Interactive Video Can Be a Lot More Than Just Shoppable

AI and image recognition can turn passive watching into a true lean-in experience

Advertisers and brand marketers have all been abuzz about shoppable video recently. But their focus has been almost exclusively on selling products. It’s time to start thinking bigger.

Think of it this way: Do you go to a search engine just to find something to buy? Do you read articles only to click on embedded links that send you to a store? Do you surf the web only to make a purchase? Probably not. So why are links in video limited to shopping? Video has to become truly interactive.

What does that entail? Current video links can go beyond simply connecting people to a place to buy a product. They can create an even richer experience by helping viewers engage more deeply with the topic. Imagine the unprecedented data, unparalleled engagement and deep insight you could get from going beyond shoppable video. The technology is here, but it has not been widely adopted, yet.

People do a lot more than shop

People are interested in a broad range of topics—celebrities, places, experiences, finance, education and, yes, retail products. But consumers of digital video—things like in-stream ads, short-form content and branded content—can only click through to buy what’s being sold. They have never had the opportunity or the ability to engage and dive deeper into that content.

By 2020 online videos will make up more than 80 percent of all consumer Internet traffic, according to Cisco. I find it illogical that web and mobile platforms, all fully engageable, have little way to connect with the most popular form of content—video. In fact, when you think about it, ads are really the only form of video that you can actually click on.

Being able to truly engage with video will be a paradigm shift for everyone. And that advanced interactivity requires automation and scale.

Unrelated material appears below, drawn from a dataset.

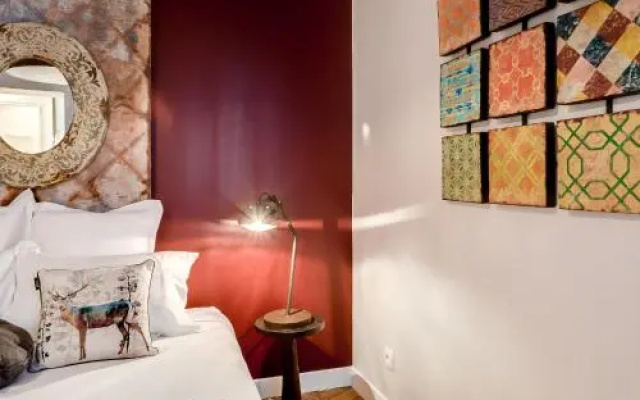 Sweet Inn - Le Marais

Current HTML5 technology that is used for most shoppable video overlays can take weeks to implement and is a custom, manual process. That time-consuming process is why interactivity is limited to shopping. It hasn’t evolved because there isn’t the scale.

But with advances in AI and machine learning, we can now quickly identify, describe and link any person, place or thing within a video in a matter of hours. This has the potential to make video far more immersive and experiential because it can now all be done at scale. Consumers will be able to explore, learn more and, yes, even shop within a video.

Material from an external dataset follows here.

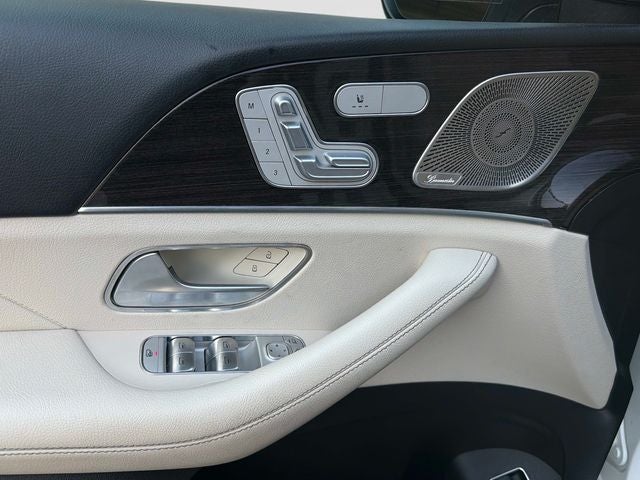 2021 Mercedes-Benz GLE GLE 350 4MATIC®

Making video a true lean-in experience

A company that has thousands of videos in its library can now, in a matter minutes per video,  make every individual aspect in the video interactive. This means that every person, place or thing can be quickly identified, described and linked out to. And those links can be native to the video and non-intrusive to the user.

Video has always been thought of as a lean-back media. Now, consumers can now lean in as deeply as they want to with video content and create their own experiences.

This has the potential to change what advertisers and brands can learn from video viewership. For instance, they’ll be able to see how their video content is performing on a scene-by-scene level and how users are engaging with it. They can then use that data to help drive future content creation and personalization. Video becomes a format that is truly accountable.

Interactive video is a technology whose time has come. As an industry, we need to evolve from repurposing linear TV content and ads for online use and holding them to the same success metrics as other digital channels. At KERV, our goal is to revolutionize digital video. And that’s going to come from thinking of interactivity as something that goes beyond shoppable.

Jon Flatt is the founder and CEO of KERV Interactive, which uses a patented AI image recognition technology to identify products in a video stream, opening up new horizons for customer engagement and attribution. Before KERV, he was CEO and founder of Red McCombs Media, which was acquired by LIN Media.